The most accessible and experientially powerful formulation of the doctrine of the intense act in modern spiritual theology is found in Fr Marie-Eugène of the Child Jesus OCD, in his major work ‘I Want to See God’, ‘I am a Daughter of the Church’. Two passages deserve extended attention.

The first is a narrative passage of great density:

“Such a person goes about fulfilling her duty simply, without either apparent fervour or apparent cowardice; her acts are good but weak. Another person, her neighbour, differs from her only slightly, but her awakened fervour sustains an attentive fidelity to purify her intention and to add to her acts that little nothing which ensures their perfection: her acts are good and intense. The latter, and she alone, exercises herself in love. The years pass in a common life which unites them and differentiates them very little outwardly. Yet the second has arrived at union of will, while the first, perhaps more gifted, has fallen asleep in an ease and automatism which have halted all progress.” (Bl. Marie Eugene, ‘I am a Daughter of the Church’, Fifth Mansions)

This passage is remarkable because it shifts the entire centre of gravity of the spiritual life. The difference between the two persons is not doctrinal, not disciplinary, not one of external ascetical practice, not emotional, and not even visible. Outwardly, they differ very little. And yet inwardly, an immense divergence is unfolding: one attains union of will, the other falls asleep. The decisive place of spiritual growth lies entirely in the interior quality of the act.

Bl. Marie-Eugène is not describing a mere difference in moral generosity or in psychological enthusiasm. He is pointing to a difference in the very manner of exercising charity. The decisive phrase is: “The latter, and she alone, exercises herself in love.” Both persons objectively fulfil their duty. Both perform good acts. But only one truly exercises herself in love, because only her act genuinely engages the will in a dynamic of self-transcendence towards God.

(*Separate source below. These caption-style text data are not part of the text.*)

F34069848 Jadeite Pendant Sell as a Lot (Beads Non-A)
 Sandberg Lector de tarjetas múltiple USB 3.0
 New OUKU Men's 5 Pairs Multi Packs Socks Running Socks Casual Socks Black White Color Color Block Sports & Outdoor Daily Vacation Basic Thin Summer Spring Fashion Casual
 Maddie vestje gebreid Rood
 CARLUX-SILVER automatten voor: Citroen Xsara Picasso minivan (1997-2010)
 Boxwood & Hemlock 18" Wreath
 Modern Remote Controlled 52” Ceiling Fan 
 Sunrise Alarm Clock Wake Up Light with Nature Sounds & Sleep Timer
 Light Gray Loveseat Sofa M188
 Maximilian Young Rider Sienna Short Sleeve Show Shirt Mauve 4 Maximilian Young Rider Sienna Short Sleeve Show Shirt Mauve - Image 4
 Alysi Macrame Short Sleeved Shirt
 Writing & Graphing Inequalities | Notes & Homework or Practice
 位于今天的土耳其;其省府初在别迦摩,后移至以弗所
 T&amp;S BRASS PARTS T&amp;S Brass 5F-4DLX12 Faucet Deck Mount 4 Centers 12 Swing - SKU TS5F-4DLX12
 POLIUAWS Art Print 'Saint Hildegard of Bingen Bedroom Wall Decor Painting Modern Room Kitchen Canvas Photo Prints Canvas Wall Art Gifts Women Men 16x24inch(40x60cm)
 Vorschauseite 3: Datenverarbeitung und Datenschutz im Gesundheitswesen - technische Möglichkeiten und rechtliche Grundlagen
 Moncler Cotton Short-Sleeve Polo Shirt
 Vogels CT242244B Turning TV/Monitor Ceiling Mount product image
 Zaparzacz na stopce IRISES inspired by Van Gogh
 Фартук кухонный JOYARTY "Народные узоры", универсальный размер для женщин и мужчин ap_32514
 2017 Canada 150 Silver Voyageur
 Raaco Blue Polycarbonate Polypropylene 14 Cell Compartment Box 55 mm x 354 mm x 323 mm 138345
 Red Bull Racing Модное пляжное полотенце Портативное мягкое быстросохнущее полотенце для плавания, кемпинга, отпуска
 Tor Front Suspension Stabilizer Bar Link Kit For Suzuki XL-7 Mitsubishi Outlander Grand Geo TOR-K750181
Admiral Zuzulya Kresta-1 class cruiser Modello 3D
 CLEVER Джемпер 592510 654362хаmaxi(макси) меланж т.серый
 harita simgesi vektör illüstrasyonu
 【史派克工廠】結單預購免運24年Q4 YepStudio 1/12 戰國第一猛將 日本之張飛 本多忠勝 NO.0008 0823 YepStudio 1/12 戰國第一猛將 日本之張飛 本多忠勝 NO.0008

The key expression is: “that little nothing which ensures their perfection.” This little nothing is outwardly invisible but theologically immense. It is not an additional work, not a spectacular austerity, not a visible heroism. It is an interior quality of the act: purity of intention, a more complete consent, vigilance in love, a more complete offering, a more real going out of self. In other words, intensity does not reside in the quantity of acts but in its degree of interior totality.

The passage also illuminates the main cause of spiritual stagnation: not manifest sin, but the automatisation of good acts. The first person is not outwardly unfaithful. She is not lukewarm in a crude sense. But she has fallen asleep in ease and automatism. The principal danger for the spiritually earnest person is therefore the mechanisation of the good.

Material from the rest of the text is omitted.